Lessons from an SAS colonel
Despite the obvious differences, the battlefield and the marketplace are surprisingly similar; but what unites them is strategy, says a retired officer of the British Army’s special forces unit, who recently joined branding agency Fresh Britain as a strategy consultant (and wishes to remain anonymous).
Ultimately, strategy is about winning wars and is the essential link between politics and tactics. Strategy marries the ends, the ways and the means.
Having a clear strategy is essential as it can deliver clarity from your leadership, as well as an ability to lead and implement tactics with conviction.
Leading with clarity and conviction are the key to success on any battlefield.
Nevertheless, companies must always remember that strategy is an art, not a science.
This is because certainty does not exist on the battlefield and neither does it exist in the marketplace.
But, while certainty may not exist, conviction is critical to successfully applying any strategy on the battlefield.
Know your enemy
First and foremost, when developing military strategy, knowledge of your enemy is paramount. The same applies in business with your competitors.

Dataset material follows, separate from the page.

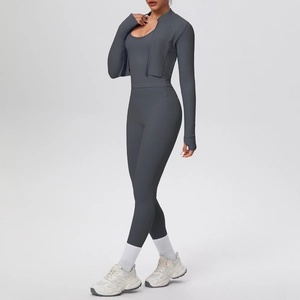 Dettaglio del set yoga grigio scuro 3 pezzi con giacca, reggiseno sportivo e leggings a vita alta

For knowledge of the enemy, I’d look back to the ancient Chinese military general and philosopher Sun Tzu. He talks of attacking the enemy’s strategy first, then his alliances and only lastly his army.
However, on top of knowledge of your competitor, knowledge of yourself is also essential. Without a full and frank understanding of a brand’s strengths and weaknesses, your strategy will be permanently hindered.
To fully understand your brand when constructing your strategy, you need to look back to another military philosopher, Carl Von Clausewitz.
“Companies must always remember that strategy is an art, not a science.This is because certainty does not exist on the battlefield and neither does it exist in the marketplace.”
He was a Prussian military general at the end of the 18th century who spoke of “The Trinity”. He meant it as the trinity of the government, the military and the people.
In the commercial setting, however, this would represent the board, the brand and the consumer.
In the crucible of war, it is the mix of these three that will determine the outcome and levels of success. If you fail to understand your brand, then these components will not work in harmony together and you’ll not be able to perform in that crucible.